**Problem to solve**
Your answer must be an exact copy of the data below, minus any pictures.

**** Data ****

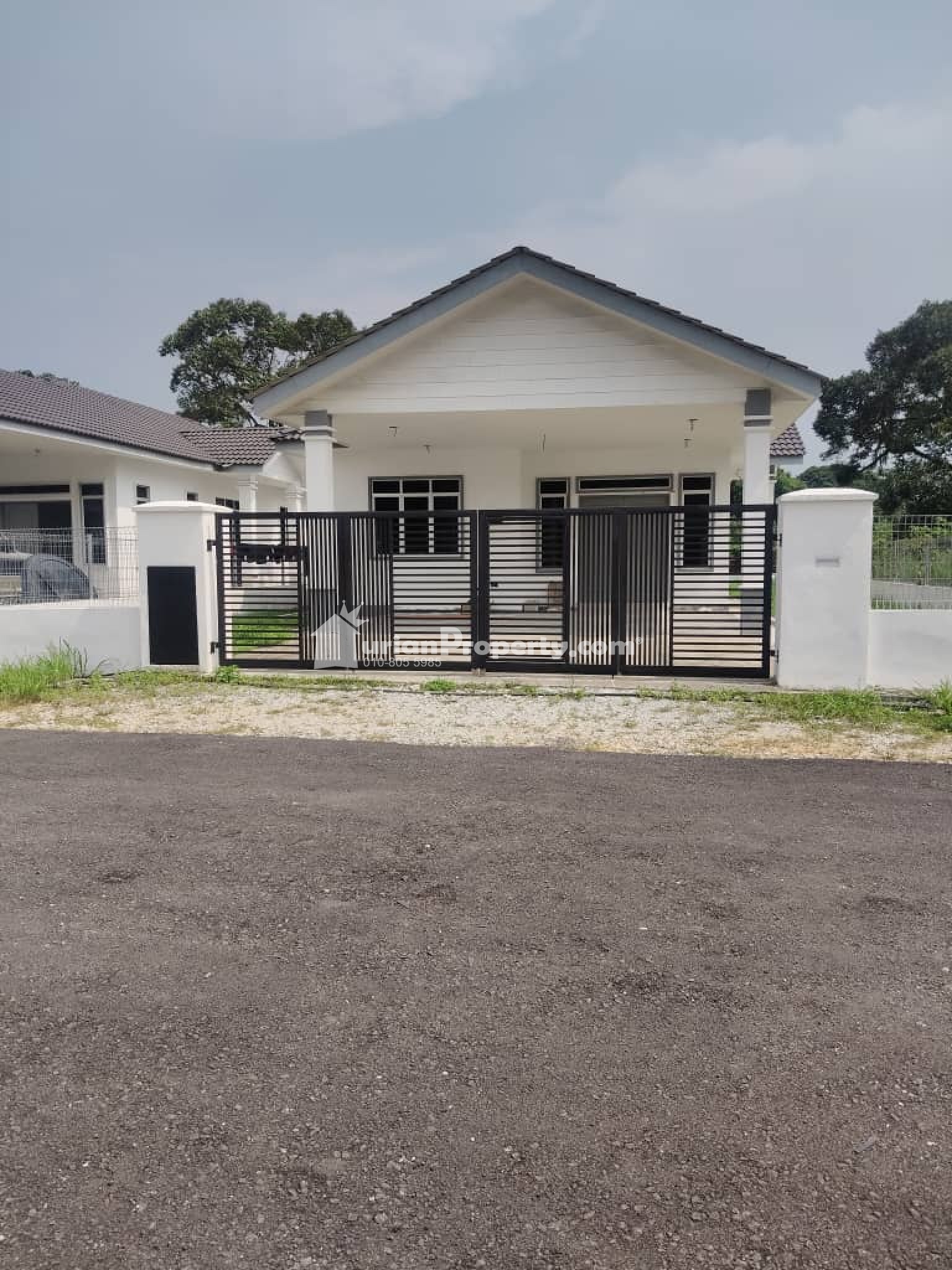 Bungalow House For Sale at Jenderam Hulu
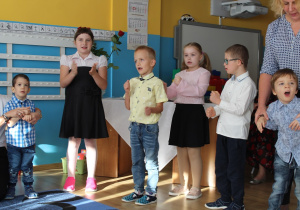 Taniec w wykonaniu Iwa, Leny, Adasia, Hany, Karola i Kacperka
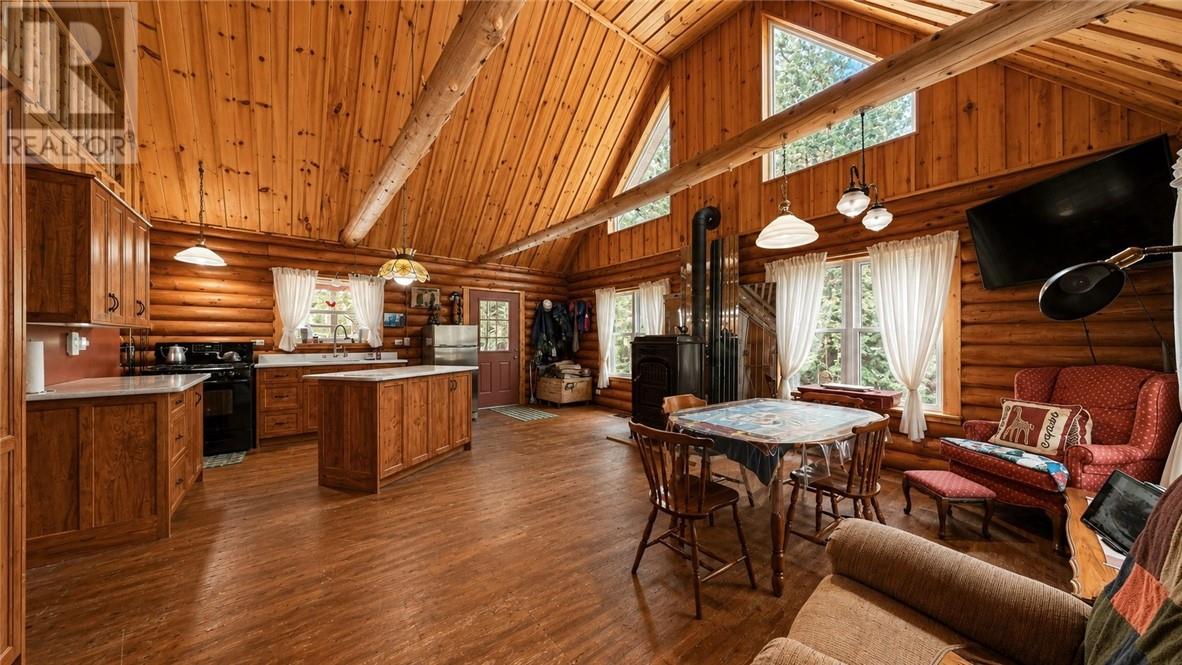 61 Leason Bay Trail - 45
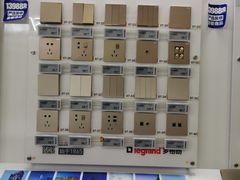 -百安居装修建材卖场(泰然店)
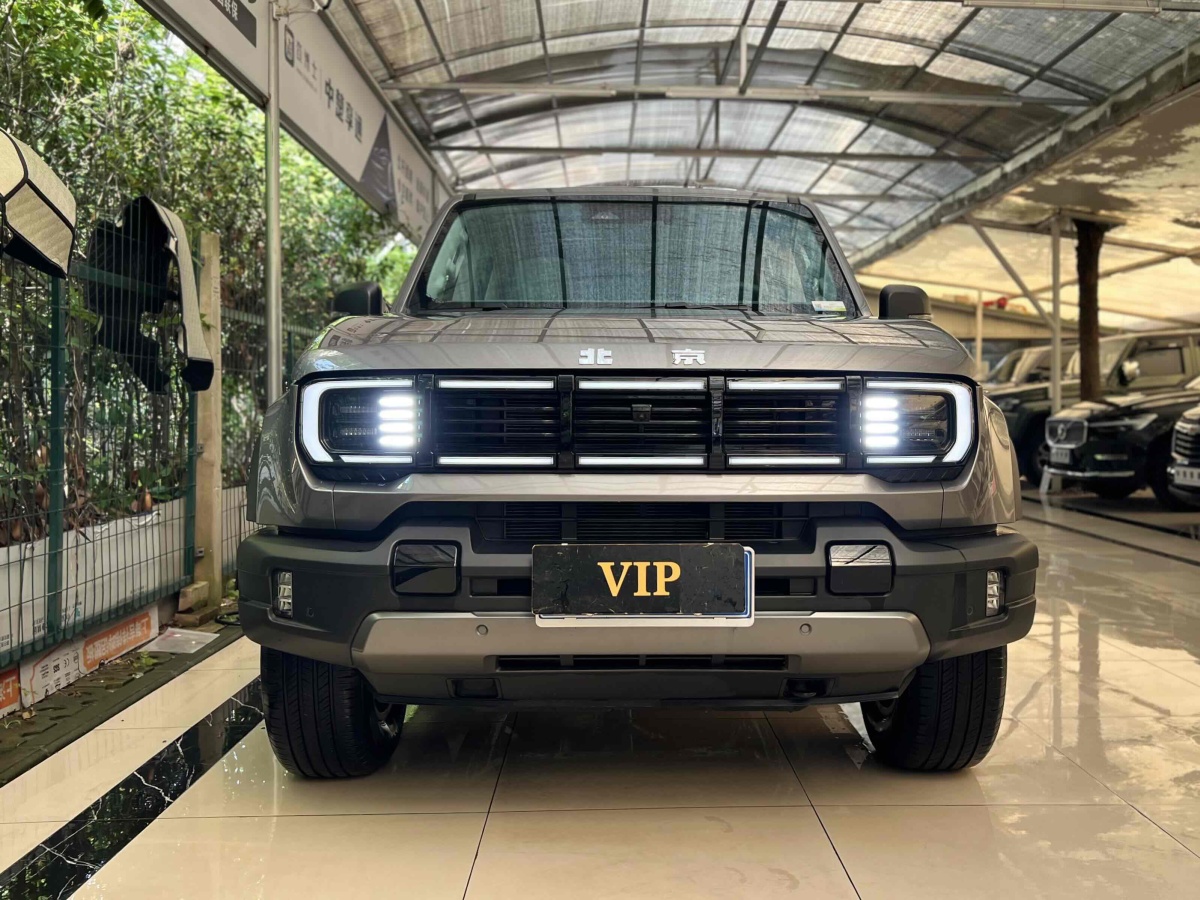 北京 BJ40  2024款 2.0T 城市獵人版 俠客型圖片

****

**Task result**
 Bungalow House For Sale at Jenderam Hulu
 Taniec w wykonaniu Iwa, Leny, Adasia, Hany, Karola i Kacperka
 61 Leason Bay Trail - 45
 -百安居装修建材卖场(泰然店)
 北京 BJ40  2024款 2.0T 城市獵人版 俠客型圖片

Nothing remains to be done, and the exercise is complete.